Menurut Indan, profesionalisme prajurit ditentukan dari pembinaan dan pelatihan yang diselenggarakan secara bertahap, bertingkat, dan berlanjut. Kesiapan alutsista yang tinggi juga menjadi salah satu prasyarat terselenggaranya pembinaan bagi prajurit.
”Semakin tinggi kesiapan alutsista, tentu akan semakin tinggi pula frekuensi prajurit kita dalam melaksanakan latihan yang bermuara pada meningkatnya profesionalisme prajurit. Kita tidak melihat tahun pembuatan alutsista itu, tetapi dari kesiapan dan kelayakannya untuk dapat dioperasikan,” kata Indan.
Senada dengan itu, Kepala Dinas Penerangan TNI AL Laksamana Pertama Julius Widjojono mengatakan, kondisi alutsista tentu berdampak pada profesionalisme prajurit. Di TNI AL, alutsista berhadapan dengan kondisi alam yang sering kali cukup ekstrem. Oleh karena itu, kondisi alutsista sangat berefek pada kondisi psikologis prajurit yang bertugas.

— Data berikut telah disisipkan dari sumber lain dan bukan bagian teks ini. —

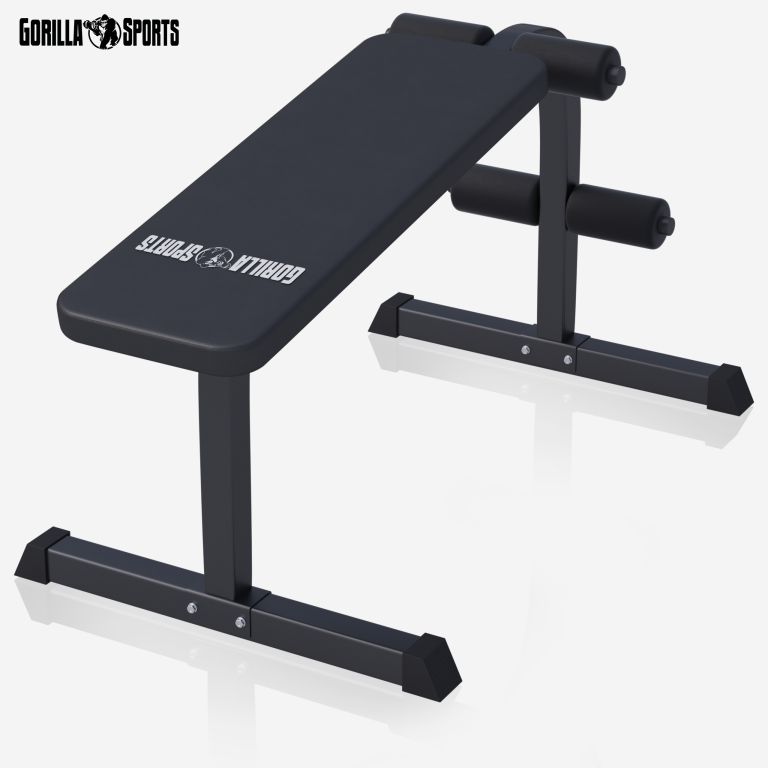 Állítható hasizomerősítő pad 150 kg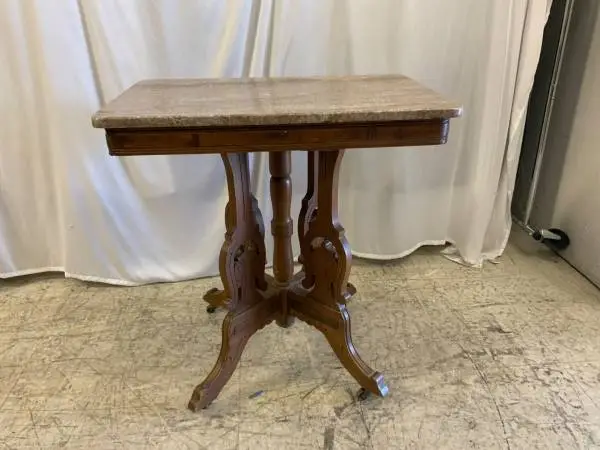 Side table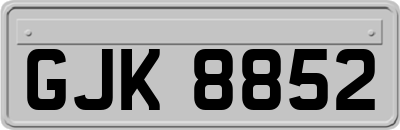 GJK8852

”Tentunya kondisi alutsista berdampak terhadap tinggi rendahnya kebanggaan prajurit. Wajar kalau prajurit mengawaki alutsista bagus, keamanan, dan kebanggaannya yang akhirnya profesionalismenya akan semakin tinggi. Apalagi kalau dia melihat kekuatan negara-negara tetangga. Akan semakin percaya diri,” kata Julius.

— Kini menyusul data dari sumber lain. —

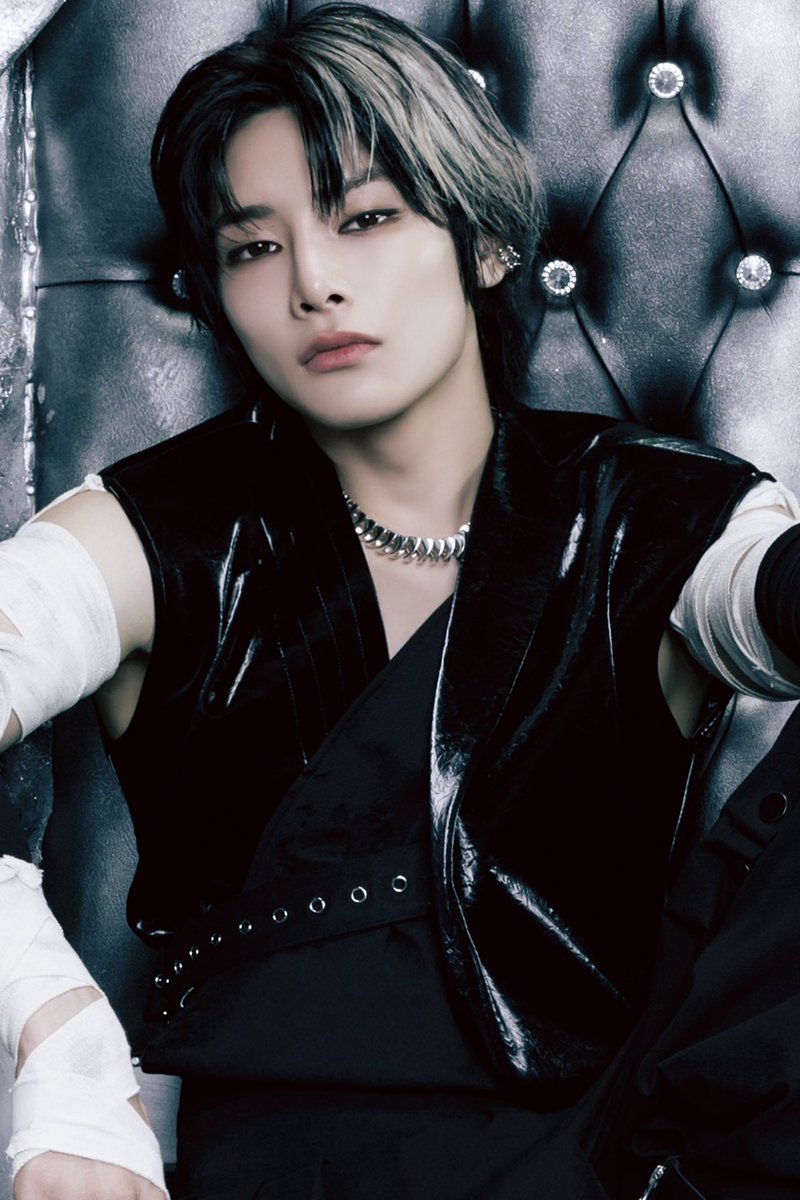 Stray Kids HI STAY SEOUL Stray Kids ハン hi-stay in seoul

Perawatan dan pemeliharaan
Saat ini, secara umum 60 persen alutsista TNI AL berusia di atas 30 tahun. Kapal yang paling tua adalah KRI Dewaruci, tahun pembuatannya 1953. Untuk mengatasi usia tua alutsista agar bisa beroperasi dengan baik, dilakukan pemeliharaan dan perawatan yang berkala sesuai dengan prosedur.
Pelaksanaan pemeliharaan dilakukan melalui pemeliharaan tingkat organik, tingkat menengah, tingkat depo, peningkatan kemampuan (PUP), perbaikan farm out, dan pemeliharaan kapal darurat (perbaikan). ”Alutsista yang telah berusia tua tentu butuh lebih banyak perhatian, baik waktu dan tenaga dalam perawatan maupun pemeliharaan,” ujar Julius.

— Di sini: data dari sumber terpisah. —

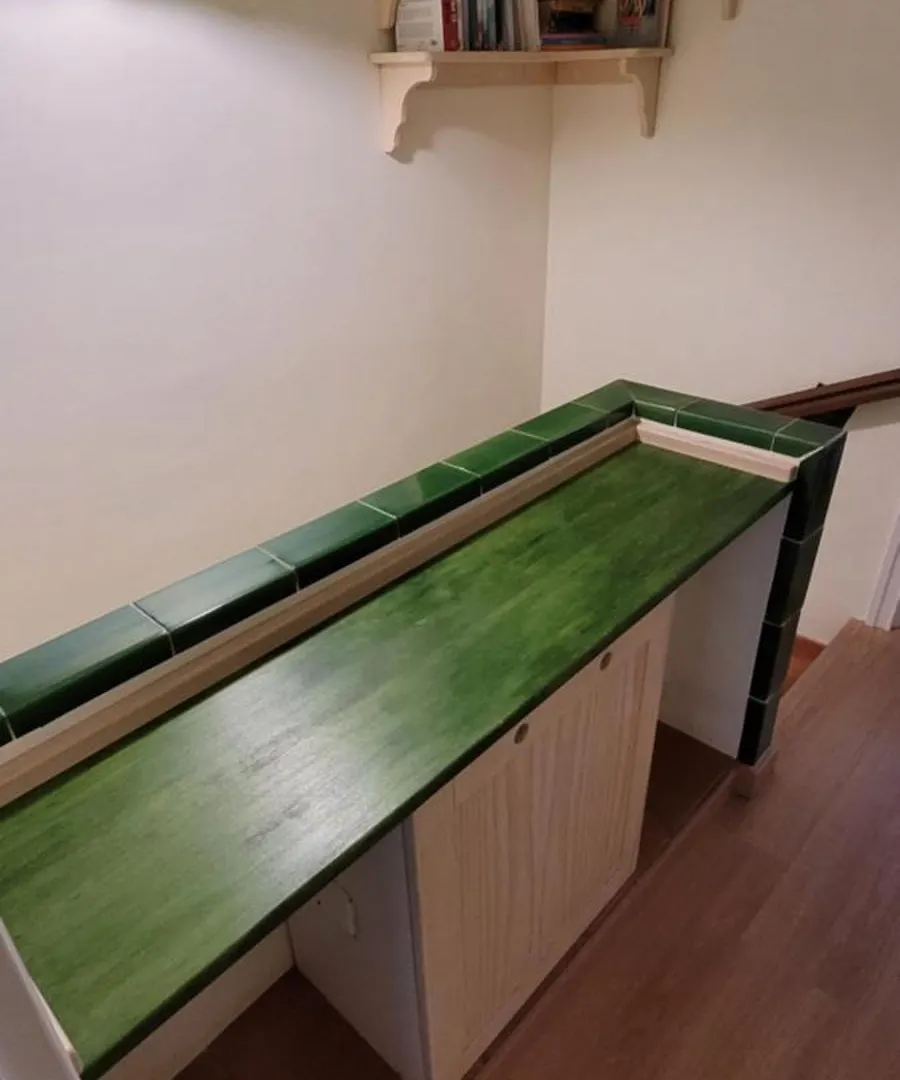 Semi-Detached Adosado Con Encanto -130 M2 - Wifi 600 Mb - Piscina Comunitaria - Patio Privado Torremolinos Apartment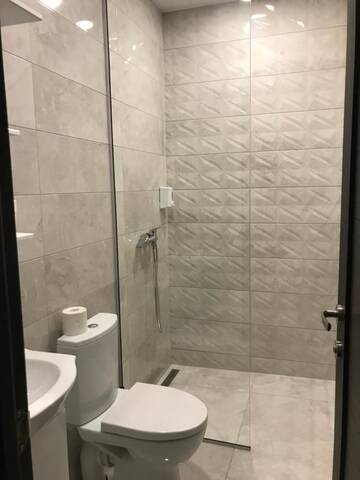Фото номера Двухместный номер с 2 отдельными кроватями Отель Hotel Akmenė г. Naujoji Akmenė 3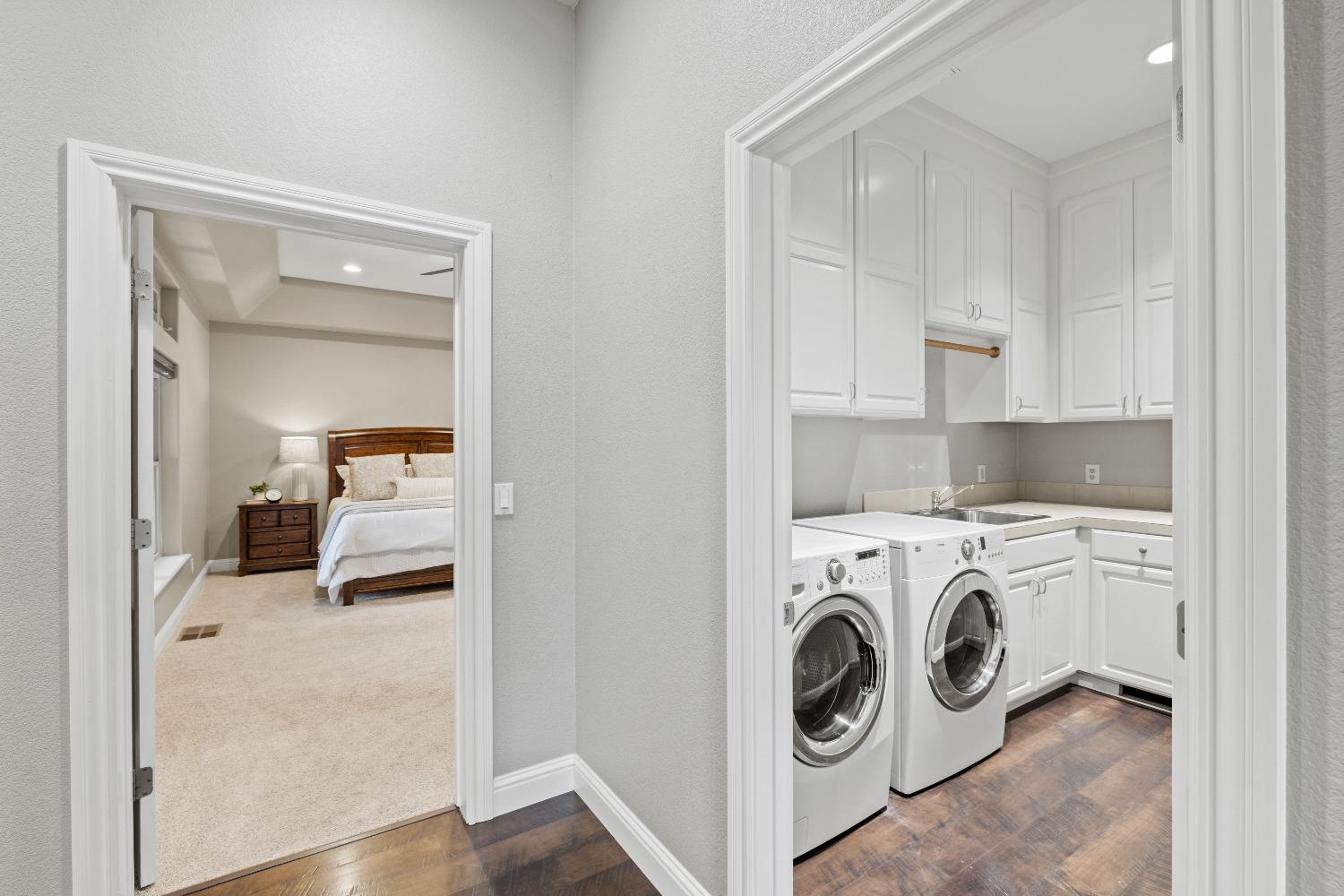 2437 Chantrelle Court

TNI AU memiliki program pemeliharaan dan perawatan, baik secara terjadwal maupun tidak terjadwal. Tingkatan pemeliharaan dibagi tiga, yakni tingkat ringan, sedang, dan berat. Pemeliharaan tingkat ringan dapat dilakukan di Skuadron Udara, tingkat sedang di Skuadron Teknik, dan tingkat berat di depo pemeliharaan atau di pabrik alutsista tersebut.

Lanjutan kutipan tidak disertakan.